The problem:
Write down the listing again exactly as it appears below, without its pictures.

Supplied information:
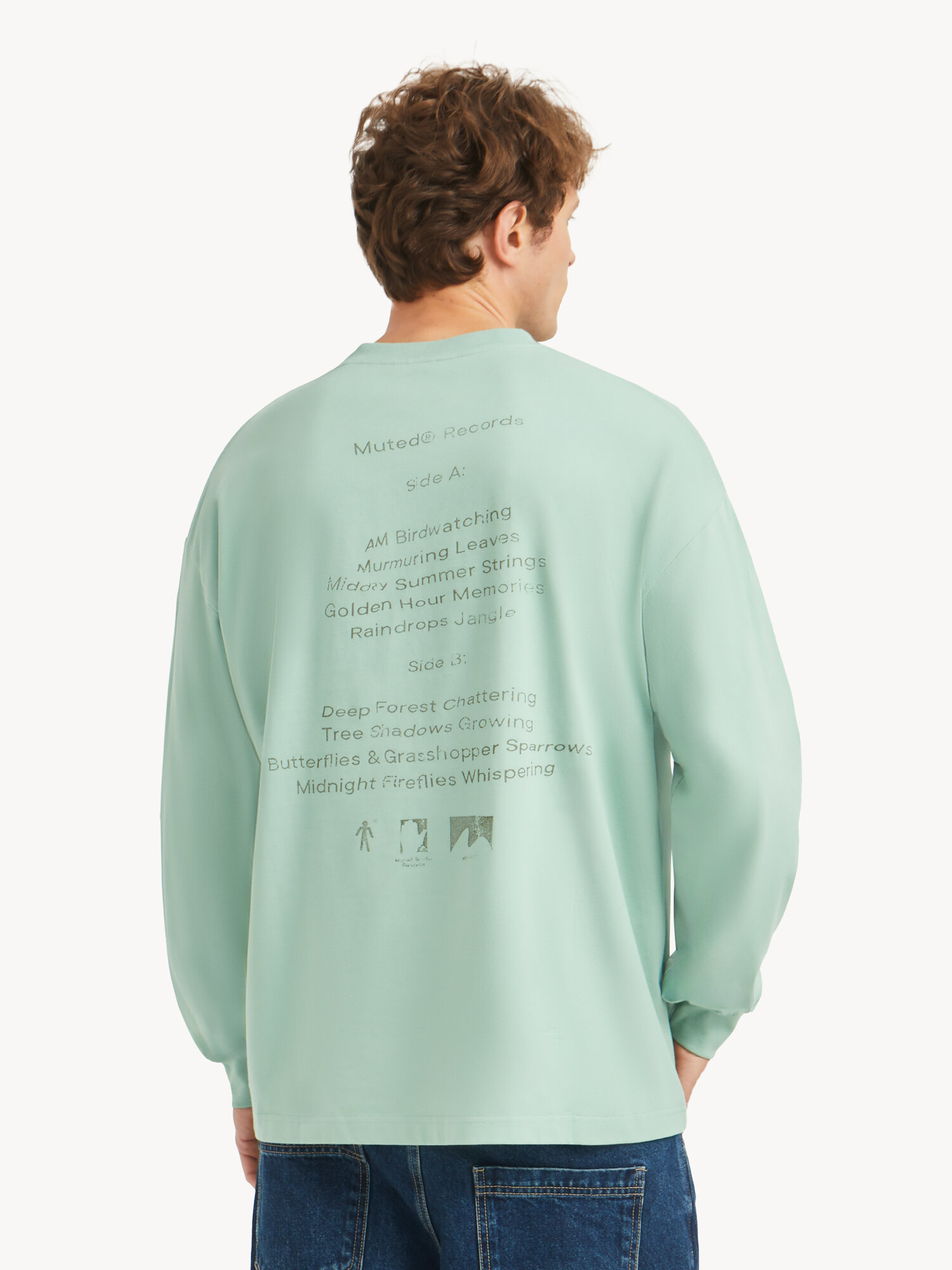 Лонгслив MUTED OVERSIZE PRINT, размер L-XL, , зелёный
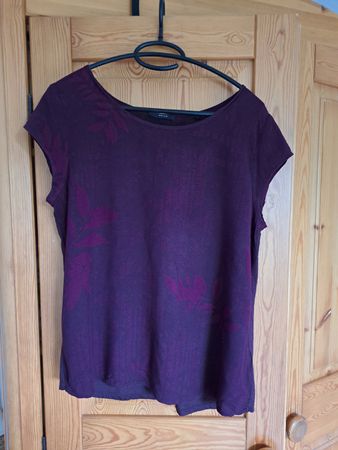 OPUS Damen T-Shirt Grösse 36 weinrot dezentes Muster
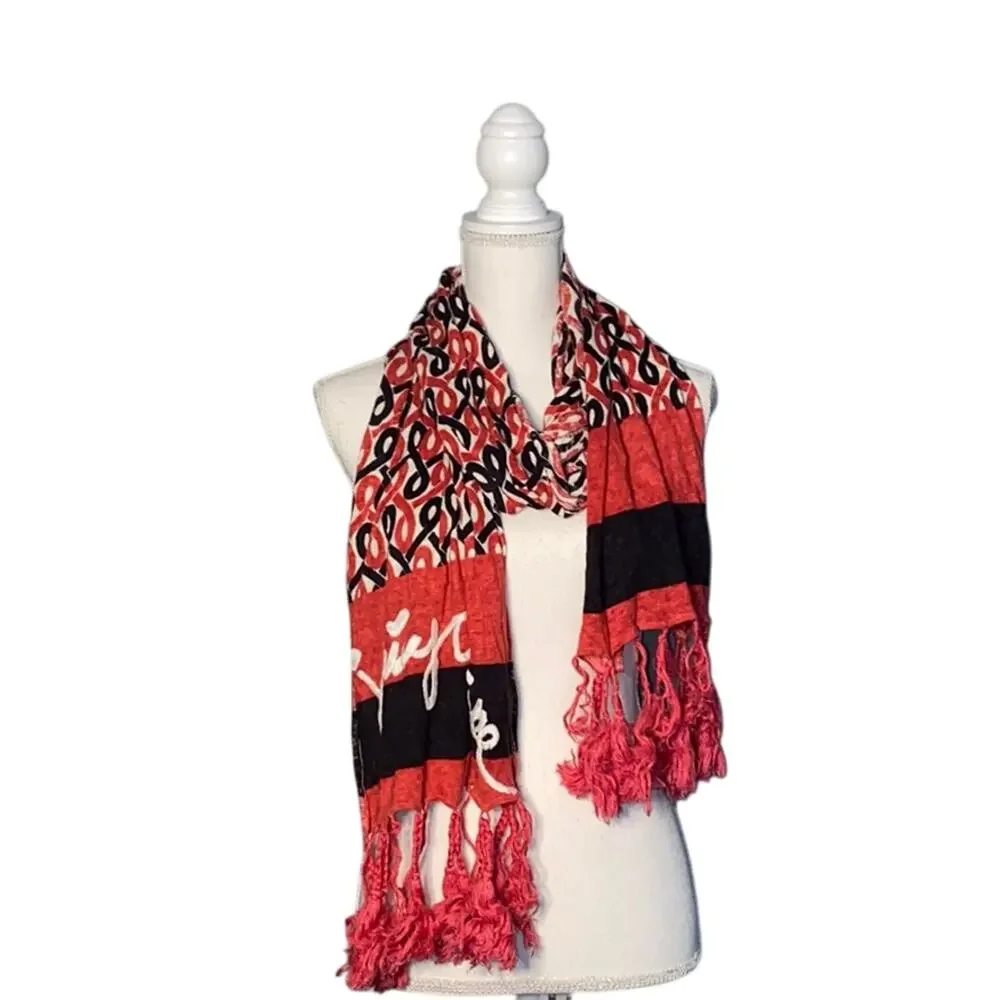 RARE! Orig Juicy Couture Y2K Red Navy White Chain Heart Scarf Fall Winter Snow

Solution to this task:
 Лонгслив MUTED OVERSIZE PRINT, размер L-XL, , зелёный
 OPUS Damen T-Shirt Grösse 36 weinrot dezentes Muster
 RARE! Orig Juicy Couture Y2K Red Navy White Chain Heart Scarf Fall Winter Snow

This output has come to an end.